International commercial arbitration has its own unique set of problems and this is nowhere more true than in relation to the legal professional privilege. International arbitration will often involve parties, witnesses, and documents from potentially a number of different countries, each having its own system of law. The same dispute may feature in related proceedings before the courts in a number of countries or tribunals with seats in different countries. This can give rise to complex problems as to the admissibility of evidence—on a jurisdiction-by-jurisdiction basis—materials may be susceptible to a claim to privilege in some countries but not in others. It is, therefore, critical to be aware of which communications will be protected by privilege.
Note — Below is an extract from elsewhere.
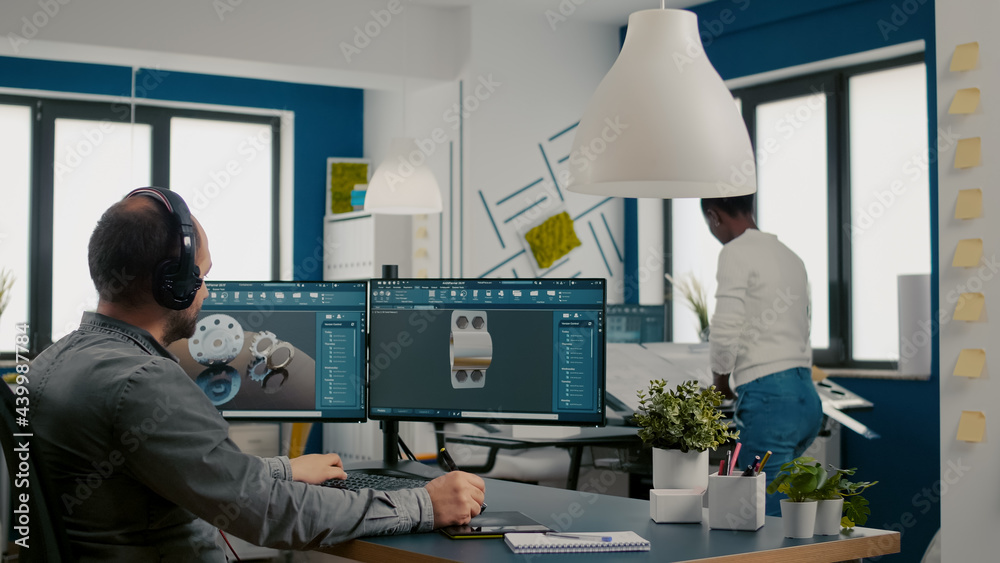 Wall mural mecanic technician working on cad software using computer with two monitors innovating an efficient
It is an established principle of public policy in many jurisdictions that for the effective administration of justice that a client must feel able to speak and discuss his case openly and frankly with his lawyer. In consequence, most legal systems contain rules that protect from disclosure to third parties evidence arising out of the lawyer-client relationship although the extent and application of privilege laws vary significantly.
A. Introduction to Privilege
Legal professional privilege (an English phrase; attorney-client privilege and the work-product doctrine in the U.S.; solicitor-client privilege in Canada and client legal privilege in Australia) is a rule that entitles a party, during the course of legal proceedings, to withhold from its opponent and from the court or tribunal, evidence in whatever form, that is within the scope of the privilege.